Literature DB >> 23705874

Evaluation and optimization of virtual screening workflows with DEKOIS 2.0--a public library of challenging docking benchmark sets.

Matthias R Bauer1, Tamer M Ibrahim, Simon M Vogel, Frank M Boeckler.   

Abstract

The application of molecular benchmarking sets helps to assess the actual performance of virtual screening (VS) workflows. To improve the efficiency of structure-based VS approaches, the selection and optimization of various parameters can be guided by benchmarking. With the DEKOIS 2.0 library, we aim to further extend and complement the collection of publicly available decoy sets. Based on BindingDB bioactivity data, we provide 81 new and structurally diverse benchmark sets for a wide variety of different target classes.
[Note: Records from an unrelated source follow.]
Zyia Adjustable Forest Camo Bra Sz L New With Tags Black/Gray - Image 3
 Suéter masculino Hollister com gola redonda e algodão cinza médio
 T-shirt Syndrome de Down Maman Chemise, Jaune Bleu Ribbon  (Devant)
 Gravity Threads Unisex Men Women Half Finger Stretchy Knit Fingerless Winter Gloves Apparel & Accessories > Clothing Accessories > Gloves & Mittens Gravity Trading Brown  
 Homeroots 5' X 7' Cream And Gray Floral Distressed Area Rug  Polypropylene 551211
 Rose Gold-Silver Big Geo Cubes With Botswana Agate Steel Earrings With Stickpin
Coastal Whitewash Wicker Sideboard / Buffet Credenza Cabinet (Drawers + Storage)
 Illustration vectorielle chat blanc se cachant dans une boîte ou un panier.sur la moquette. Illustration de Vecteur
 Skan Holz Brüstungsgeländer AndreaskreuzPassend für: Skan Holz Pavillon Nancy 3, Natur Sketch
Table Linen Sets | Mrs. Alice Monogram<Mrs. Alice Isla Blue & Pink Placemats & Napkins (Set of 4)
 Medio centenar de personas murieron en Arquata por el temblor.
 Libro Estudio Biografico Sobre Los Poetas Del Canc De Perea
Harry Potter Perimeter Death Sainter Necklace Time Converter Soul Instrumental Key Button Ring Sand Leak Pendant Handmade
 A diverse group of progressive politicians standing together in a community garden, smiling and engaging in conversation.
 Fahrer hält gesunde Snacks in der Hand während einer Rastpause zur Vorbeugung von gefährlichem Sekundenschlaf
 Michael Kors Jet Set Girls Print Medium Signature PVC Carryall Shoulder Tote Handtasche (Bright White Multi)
To ensure a meaningful selection of ligands, we address several issues that can be found in bioactivity data. We have improved our previously introduced DEKOIS methodology with enhanced physicochemical matching, now including the consideration of molecular charges, as well as a more sophisticated elimination of latent actives in the decoy set (LADS). We evaluate the docking performance of Glide, GOLD, and AutoDock Vina with our data sets and highlight existing challenges for VS tools. All DEKOIS 2.0 benchmark sets will be made accessible at http://www.dekois.com.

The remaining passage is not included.